I did the first question by the mod7-mod5 method. 2023≡23-2 mod 7, since 7|1001, and 7|21, so I can simply ignore 7 and focus on 5. Then 3^3=27, so the answer is congruent to 2 mod 5 and 0 mod 7, which is obviously 7.
Basically the way I did it as well. Only thing I did different was how to figure out that 7|2023: Obviously 7|2100, so 2023≡-77 mod 7, and since 7|77, we're done.
Puzzle, how can you get the Lorentz factor for any percentage of light speed using simple geometry? My solution, draw a 90 degree angle with the vertical side being 1 unit long and representing the speed of light, and the horizontal line extending as far as required when I describe the next steps.
Draw a half circle from the top to the bottom of the vertical line, ie, center of the half circle being at the center of the line. Now choose whatever percentage of light speed you want to find the Lorentz factor for and mark a point on the vertical line that percentage of the distance up from the bottom end where it joins the horizontal line, ie, 0.5 light speed would be marked at 0.5 unit up.
Next draw a quarter circle between that mark and the horizontal line, ie, centered at the intersection of the vertical and horizontal lines. Now you will have the half circle and quarter circle intersecting at a center point.

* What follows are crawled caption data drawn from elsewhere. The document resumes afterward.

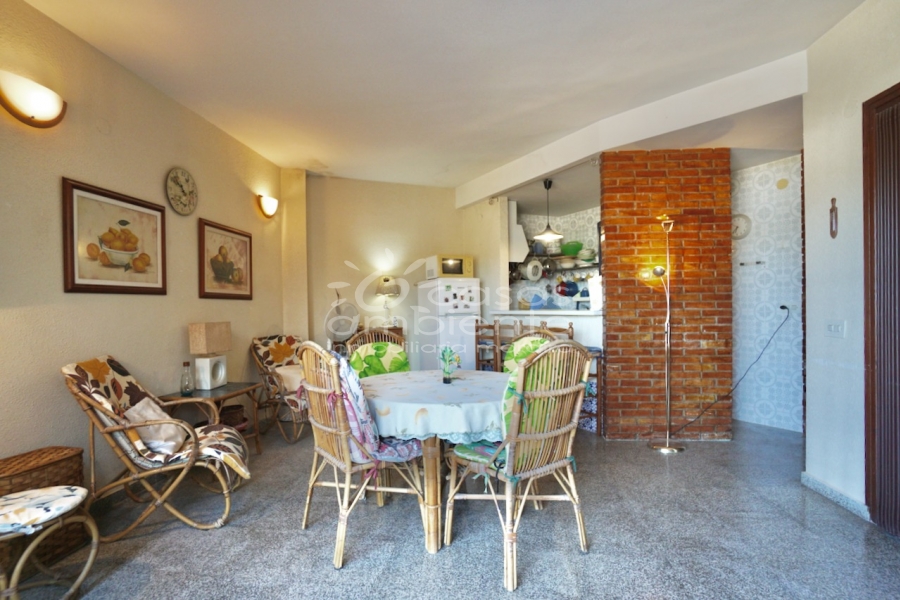 Resales - Apartments - Flats - Moraira - Moraira Centre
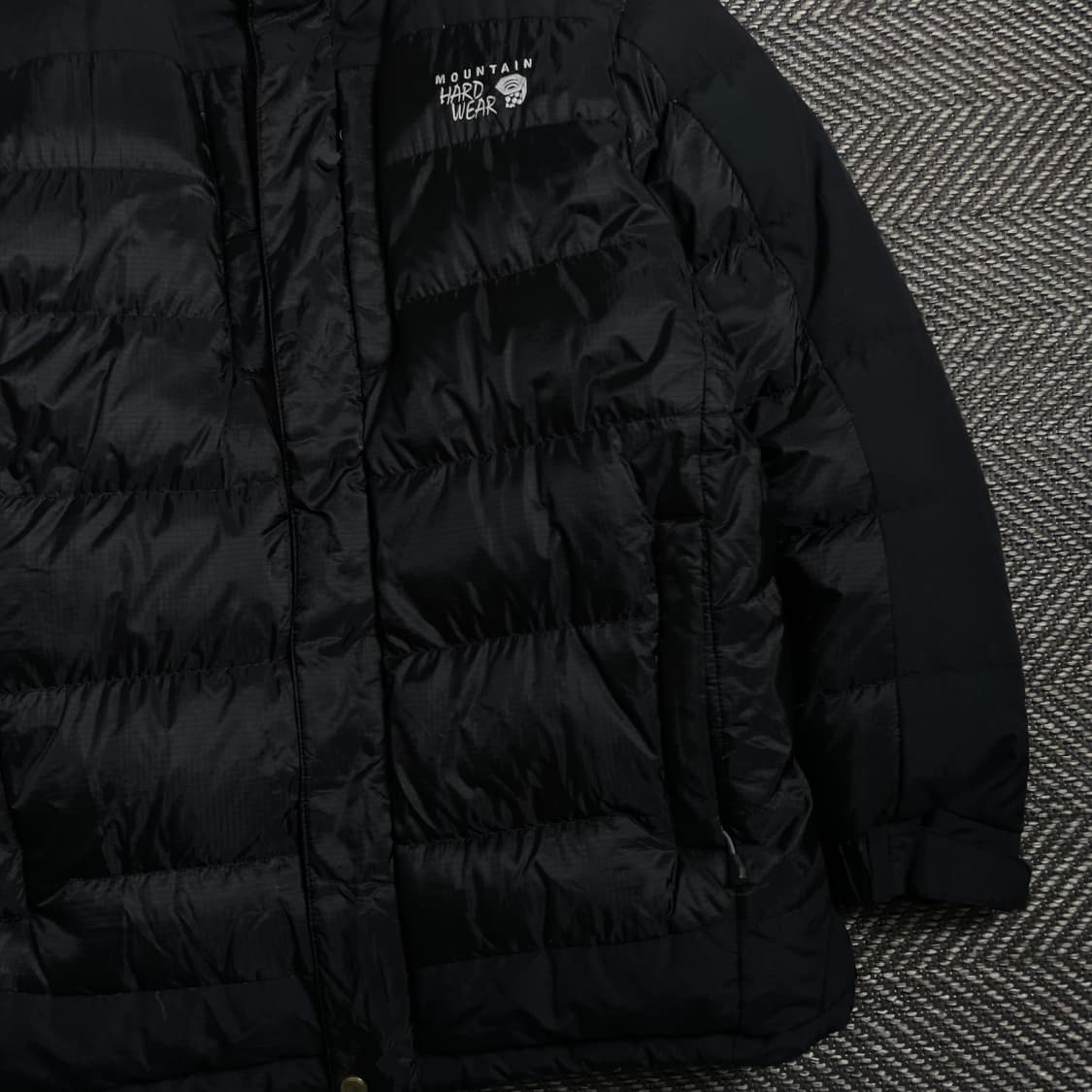 마운틴 하드웨어 에어쉴드 다운 푸퍼 패딩o 4314 상품이미지2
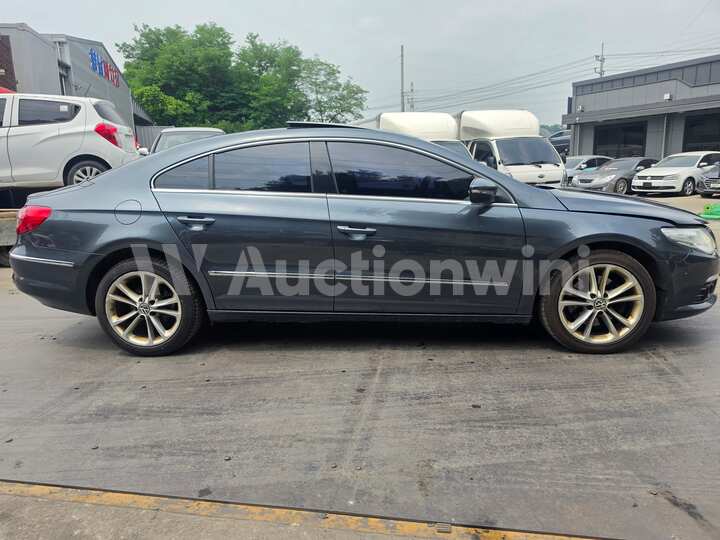 Volkswagen CC 2010 — 4
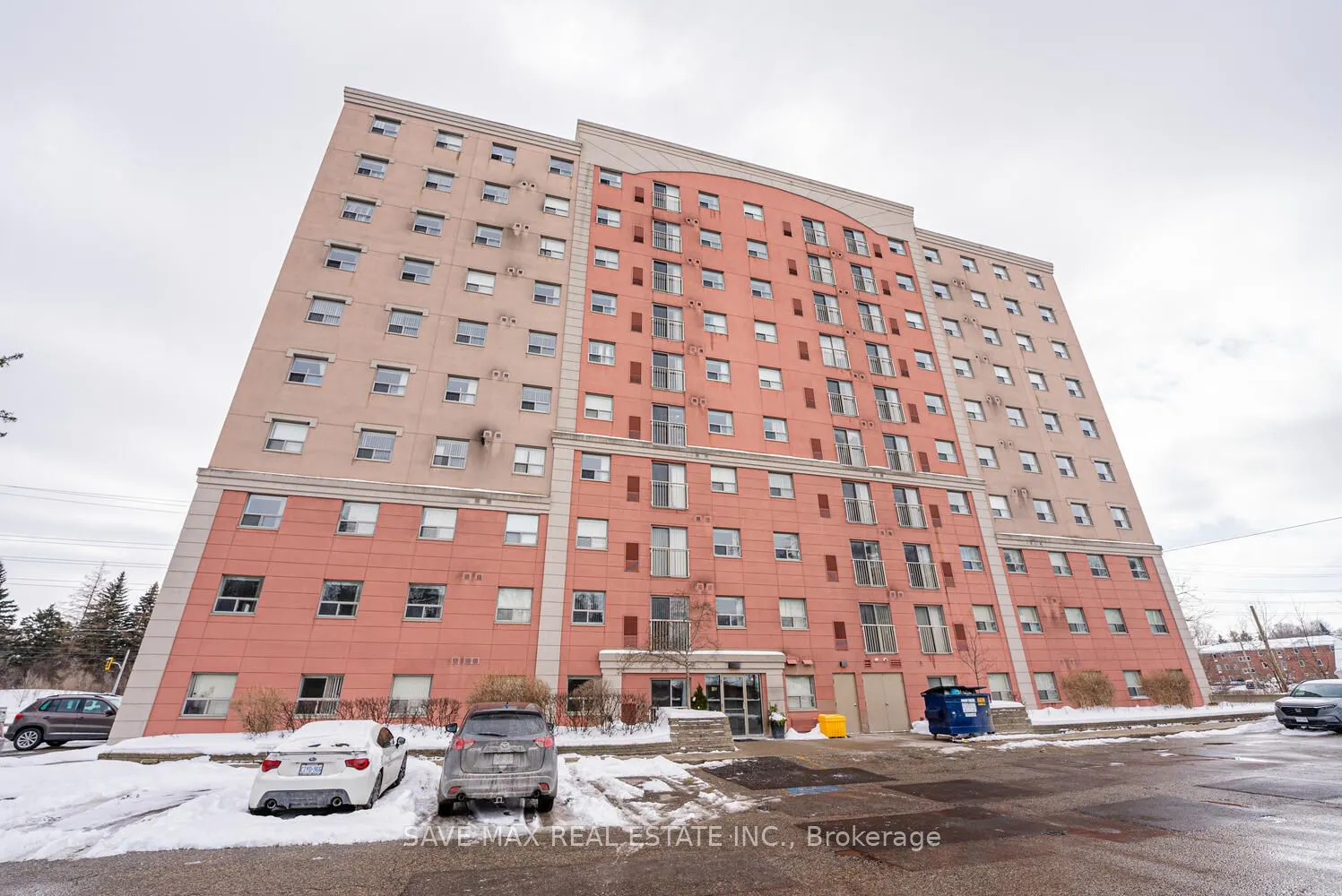 274 Erb Street W, #1007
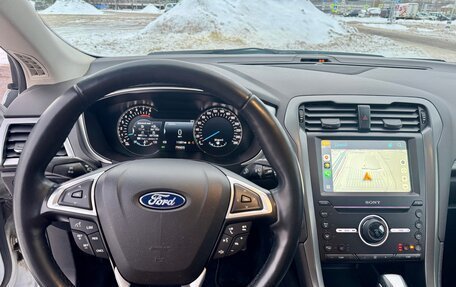 Ford Mondeo V, 2017 год, 1 830 000 рублей, 15 фотография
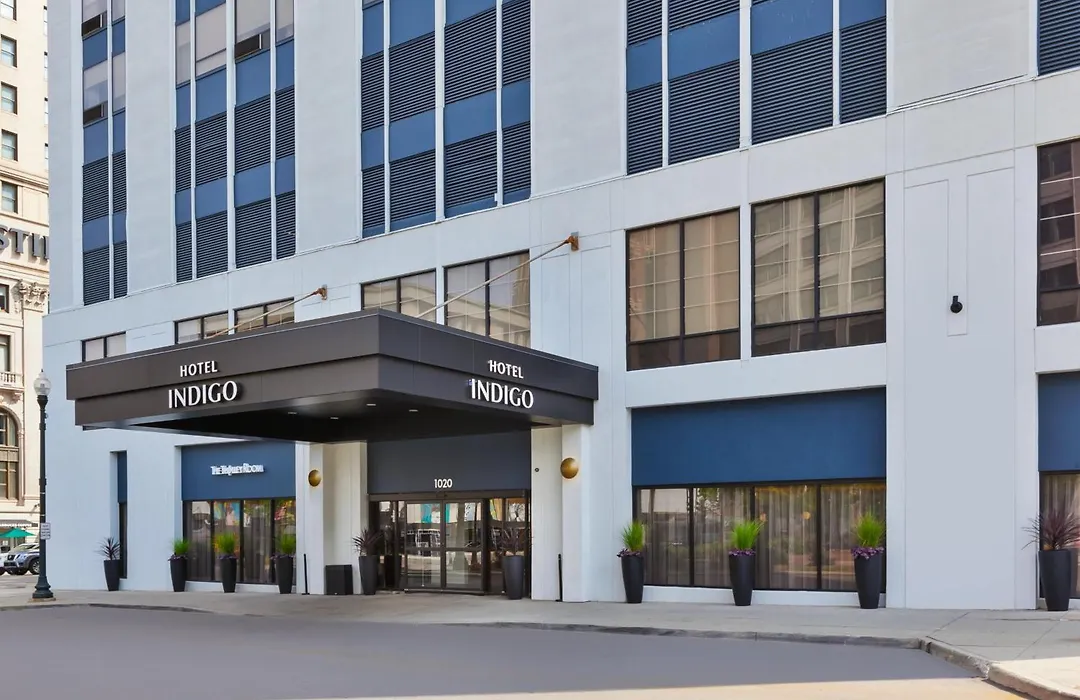 Hotel Indigo Detroit Downtown By Ihg-1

Next draw a line from the top of the vertical line through the intersection point just described and extend it until it intersects the horizontal line. The length of that line will be the Lorentz factor for the chosen percentage of light speed. The procedure is ridiculously simple and entirely accurate. You would need to use a geometry drawing (CAD) program, of course, to get accurate results.
The reason I said to draw the horizontal line as long as required when I describe the steps is because the higher the percentage of light speed you choose, the longer the horizontal line will need to be. The closer you get to 100% of light speed, the closer the horizontal line would get to being infinitely long, so this method is really only practical up to a certain point, like about 90% of light speed or less. I'm not suggesting that this method has any practical use, it's just to show that it can be done using simple geometry, not that you would actually want to do it instead of using the equation. If you do a search for a simple geometric method of obtaining Lorentz factors you won't be able to find one so I created one myself.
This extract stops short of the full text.